Por otro lado, para los que han visto San Borondón en el horizonte, la isla puede significar la propia fantasía convertida en materia (nada más material que la tierra firme). Y para los que no la han visto, tal vez no sea más que un símbolo de identidad, pues los canarios sienten San Borondón como un ingrediente más de su cultura.

Usted ha contribuido en los últimos años a enriquecer el conocimiento de San Borondón con datos novedosos. ¿Es posible encontrarnos aún con sorpresas, con nuevos casos, documentos, etc.?

- No me cabe la menor duda. Precisamente en estos momentos estamos trabajando Manuel Poggio y yo en un documento del siglo XVI que recoge un contrato para partir de Gran Canaria en busca de San Borondón. Es una expedición más que sumar a la lista de aventuras que se organizaron en su búsqueda. Si tenemos en cuenta que hace muy pocos años sacamos a la luz unos documentos notariales de 1570 que describían otra expedición desconocida hasta entonces, está claro que no debemos descartar jugosas novedades. 

Sorprende mucho comprobar que se organizaron tantas expediciones, algunas en tiempos más o menos recientes...

- Las últimas conocidas datan de mediados del siglo XVIII. Después de esa fecha, con la influencia de la Ilustración y luego con el positivismo científico, la inexistencia de San Borondón quedó fuera de duda. Sin embargo, en los siglos XV, XVI y XVII fueron muchísimas las expediciones que se organizaron. Conocemos algunas con cierto lujo de detalle y otras con datos muy escasos. Algunas que no pretendían más que satisfacer la curiosidad y otras con ambición conquistadora. Incluso en 1721 las instituciones oficiales trataron de descubrir la isla como medio desesperado de superar una gravísima crisis socioeconómica.

San Borondón sigue apareciendo. Usted y Poggio en un libro dedicado al asunto, publican incluso fotos tomadas con móviles. ¡Se resiste a desaparecer!, aunque cueste ser testigo de sus apariciones.

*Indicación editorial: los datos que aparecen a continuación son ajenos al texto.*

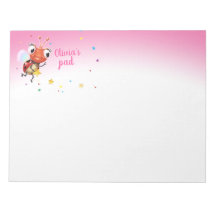 Lil Ladybugピンクカスタムのメモ帳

- La imagen de San Borondón ha sido captada infinidad de veces con las técnicas propias de cada momento: con dibujos en los siglos pasados, con fotografías desde la década de 1950, en vídeo en 2003, y, por supuesto, con teléfono móvil. Era cuestión de tiempo. Hay que tener en cuenta que San Borondón es un fenómeno óptico que se produce en el horizonte cuando confluyen determinadas condiciones atmosféricas. Por eso hay temporadas en las que se ve con más frecuencia y años en que no se ve. La única forma de que San Borondón deje de aparecer es el cambio climático, así que ya tenemos un motivo más para luchar contra él.

¿Qué se encontrará el público en su charla?

- Se encontrará con un repaso de los mapas en los que ha aparecido San Borondón a lo largo de la historia, pero este repado no servirá más que como hilo conductor porque lo que se pretende es dar una visión general de los aspectos más fascinantes del mito desde el punto de vista de la historia, la etnografía, la ciencia, el arte... Me gustaría que los asistentes salieran de la charla con una idea clara de lo que es San Borondón, una isla que está en la frontera entre la realidad y la fantasía. Luego cada uno tendrá que decidir por sí mismo desde qué lado de esa frontera prefiere contemprarla.